- _YOUR GOAL_:
Since the data must remain as supplied, reproduce it word for word.

- _AVAILABLE DATA_:
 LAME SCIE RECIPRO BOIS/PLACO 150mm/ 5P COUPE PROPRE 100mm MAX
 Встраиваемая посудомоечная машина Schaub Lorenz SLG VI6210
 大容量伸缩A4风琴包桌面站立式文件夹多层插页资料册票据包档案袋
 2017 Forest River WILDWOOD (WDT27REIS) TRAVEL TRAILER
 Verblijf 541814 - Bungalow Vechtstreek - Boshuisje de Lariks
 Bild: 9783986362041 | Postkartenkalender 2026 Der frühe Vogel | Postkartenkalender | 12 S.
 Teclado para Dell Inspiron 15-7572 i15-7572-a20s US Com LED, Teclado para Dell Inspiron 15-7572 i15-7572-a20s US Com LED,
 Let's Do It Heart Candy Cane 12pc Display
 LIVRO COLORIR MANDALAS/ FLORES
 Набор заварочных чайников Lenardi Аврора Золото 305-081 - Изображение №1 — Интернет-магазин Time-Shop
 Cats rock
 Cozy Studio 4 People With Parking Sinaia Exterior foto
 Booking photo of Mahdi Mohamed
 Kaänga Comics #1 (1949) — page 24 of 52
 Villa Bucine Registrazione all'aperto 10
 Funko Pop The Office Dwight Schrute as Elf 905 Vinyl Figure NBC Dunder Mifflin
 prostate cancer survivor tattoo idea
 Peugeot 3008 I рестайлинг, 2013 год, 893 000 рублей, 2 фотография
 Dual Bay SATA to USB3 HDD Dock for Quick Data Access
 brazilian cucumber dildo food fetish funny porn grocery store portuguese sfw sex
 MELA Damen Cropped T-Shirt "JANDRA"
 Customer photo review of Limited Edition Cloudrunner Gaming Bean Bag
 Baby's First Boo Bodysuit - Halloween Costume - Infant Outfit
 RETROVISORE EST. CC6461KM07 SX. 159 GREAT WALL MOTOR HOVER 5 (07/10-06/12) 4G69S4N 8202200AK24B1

- _OUTPUT OF THE TASK_:
 LAME SCIE RECIPRO BOIS/PLACO 150mm/ 5P COUPE PROPRE 100mm MAX
 Встраиваемая посудомоечная машина Schaub Lorenz SLG VI6210
 大容量伸缩A4风琴包桌面站立式文件夹多层插页资料册票据包档案袋
 2017 Forest River WILDWOOD (WDT27REIS) TRAVEL TRAILER
 Verblijf 541814 - Bungalow Vechtstreek - Boshuisje de Lariks
 Bild: 9783986362041 | Postkartenkalender 2026 Der frühe Vogel | Postkartenkalender | 12 S.
 Teclado para Dell Inspiron 15-7572 i15-7572-a20s US Com LED, Teclado para Dell Inspiron 15-7572 i15-7572-a20s US Com LED,
 Let's Do It Heart Candy Cane 12pc Display
 LIVRO COLORIR MANDALAS/ FLORES
 Набор заварочных чайников Lenardi Аврора Золото 305-081 - Изображение №1 — Интернет-магазин Time-Shop
 Cats rock
 Cozy Studio 4 People With Parking Sinaia Exterior foto
 Booking photo of Mahdi Mohamed
 Kaänga Comics #1 (1949) — page 24 of 52
 Villa Bucine Registrazione all'aperto 10
 Funko Pop The Office Dwight Schrute as Elf 905 Vinyl Figure NBC Dunder Mifflin
 prostate cancer survivor tattoo idea
 Peugeot 3008 I рестайлинг, 2013 год, 893 000 рублей, 2 фотография
 Dual Bay SATA to USB3 HDD Dock for Quick Data Access
 brazilian cucumber dildo food fetish funny porn grocery store portuguese sfw sex
 MELA Damen Cropped T-Shirt "JANDRA"
 Customer photo review of Limited Edition Cloudrunner Gaming Bean Bag
 Baby's First Boo Bodysuit - Halloween Costume - Infant Outfit
 RETROVISORE EST. CC6461KM07 SX. 159 GREAT WALL MOTOR HOVER 5 (07/10-06/12) 4G69S4N 8202200AK24B1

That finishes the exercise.